Records Start Marker

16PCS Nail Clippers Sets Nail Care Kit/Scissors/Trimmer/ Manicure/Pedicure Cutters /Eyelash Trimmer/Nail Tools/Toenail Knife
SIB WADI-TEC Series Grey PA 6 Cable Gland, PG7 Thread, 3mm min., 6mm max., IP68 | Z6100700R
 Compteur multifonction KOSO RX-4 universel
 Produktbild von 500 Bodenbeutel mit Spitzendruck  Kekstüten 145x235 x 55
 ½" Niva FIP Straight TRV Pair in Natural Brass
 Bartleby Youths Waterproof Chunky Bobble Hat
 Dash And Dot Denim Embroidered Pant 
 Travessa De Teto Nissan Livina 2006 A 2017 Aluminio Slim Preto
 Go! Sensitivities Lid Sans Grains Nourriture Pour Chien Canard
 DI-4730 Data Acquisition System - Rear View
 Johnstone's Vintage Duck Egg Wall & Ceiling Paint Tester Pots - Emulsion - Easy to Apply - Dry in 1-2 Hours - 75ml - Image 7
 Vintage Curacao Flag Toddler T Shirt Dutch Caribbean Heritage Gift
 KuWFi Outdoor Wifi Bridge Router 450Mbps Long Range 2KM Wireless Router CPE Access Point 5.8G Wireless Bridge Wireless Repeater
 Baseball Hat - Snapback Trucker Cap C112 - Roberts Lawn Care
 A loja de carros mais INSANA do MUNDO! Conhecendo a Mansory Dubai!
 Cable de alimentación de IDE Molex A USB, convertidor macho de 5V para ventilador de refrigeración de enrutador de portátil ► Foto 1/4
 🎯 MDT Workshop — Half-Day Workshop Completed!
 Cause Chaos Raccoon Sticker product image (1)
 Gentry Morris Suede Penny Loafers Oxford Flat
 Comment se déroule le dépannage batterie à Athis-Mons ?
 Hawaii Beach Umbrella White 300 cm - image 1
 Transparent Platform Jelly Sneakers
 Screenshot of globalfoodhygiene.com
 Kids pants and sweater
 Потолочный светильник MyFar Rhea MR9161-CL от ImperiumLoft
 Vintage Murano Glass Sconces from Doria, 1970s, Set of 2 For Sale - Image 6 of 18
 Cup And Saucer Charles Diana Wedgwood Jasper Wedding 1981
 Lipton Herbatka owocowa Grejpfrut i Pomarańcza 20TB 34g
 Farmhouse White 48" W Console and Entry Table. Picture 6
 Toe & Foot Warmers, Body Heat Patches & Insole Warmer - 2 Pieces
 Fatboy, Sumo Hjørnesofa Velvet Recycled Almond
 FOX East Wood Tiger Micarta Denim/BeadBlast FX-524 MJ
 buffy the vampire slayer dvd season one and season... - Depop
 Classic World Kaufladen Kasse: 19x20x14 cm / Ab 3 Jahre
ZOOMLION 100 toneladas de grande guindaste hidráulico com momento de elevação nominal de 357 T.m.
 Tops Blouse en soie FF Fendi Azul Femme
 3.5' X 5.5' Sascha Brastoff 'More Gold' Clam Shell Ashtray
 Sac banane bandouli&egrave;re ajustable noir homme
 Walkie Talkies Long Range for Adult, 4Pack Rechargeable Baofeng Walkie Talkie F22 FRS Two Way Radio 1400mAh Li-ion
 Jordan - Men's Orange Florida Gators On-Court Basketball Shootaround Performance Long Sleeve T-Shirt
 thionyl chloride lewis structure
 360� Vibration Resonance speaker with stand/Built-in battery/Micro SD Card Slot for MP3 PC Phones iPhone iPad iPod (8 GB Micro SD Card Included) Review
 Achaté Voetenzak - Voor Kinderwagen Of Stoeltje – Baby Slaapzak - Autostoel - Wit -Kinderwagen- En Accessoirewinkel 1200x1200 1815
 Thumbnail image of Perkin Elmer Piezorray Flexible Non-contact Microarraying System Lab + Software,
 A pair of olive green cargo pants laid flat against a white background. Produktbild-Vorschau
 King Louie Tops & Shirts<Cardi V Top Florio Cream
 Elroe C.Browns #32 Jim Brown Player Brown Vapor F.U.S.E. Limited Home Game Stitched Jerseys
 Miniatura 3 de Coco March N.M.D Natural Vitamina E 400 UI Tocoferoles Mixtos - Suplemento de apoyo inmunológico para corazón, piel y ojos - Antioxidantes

Records End Marker

Prompt:
From the entries above, write out only the lines starting at the line that holds "Bartleby Youths Waterproof Chunky Bobble Hat" and ending at the line that holds "Cable de alimentación", keeping both and matching them exactly.

Output of the exercise:
 Bartleby Youths Waterproof Chunky Bobble Hat
 Dash And Dot Denim Embroidered Pant 
 Travessa De Teto Nissan Livina 2006 A 2017 Aluminio Slim Preto
 Go! Sensitivities Lid Sans Grains Nourriture Pour Chien Canard
 DI-4730 Data Acquisition System - Rear View
 Johnstone's Vintage Duck Egg Wall & Ceiling Paint Tester Pots - Emulsion - Easy to Apply - Dry in 1-2 Hours - 75ml - Image 7
 Vintage Curacao Flag Toddler T Shirt Dutch Caribbean Heritage Gift
 KuWFi Outdoor Wifi Bridge Router 450Mbps Long Range 2KM Wireless Router CPE Access Point 5.8G Wireless Bridge Wireless Repeater
 Baseball Hat - Snapback Trucker Cap C112 - Roberts Lawn Care
 A loja de carros mais INSANA do MUNDO! Conhecendo a Mansory Dubai!
 Cable de alimentación de IDE Molex A USB, convertidor macho de 5V para ventilador de refrigeración de enrutador de portátil ► Foto 1/4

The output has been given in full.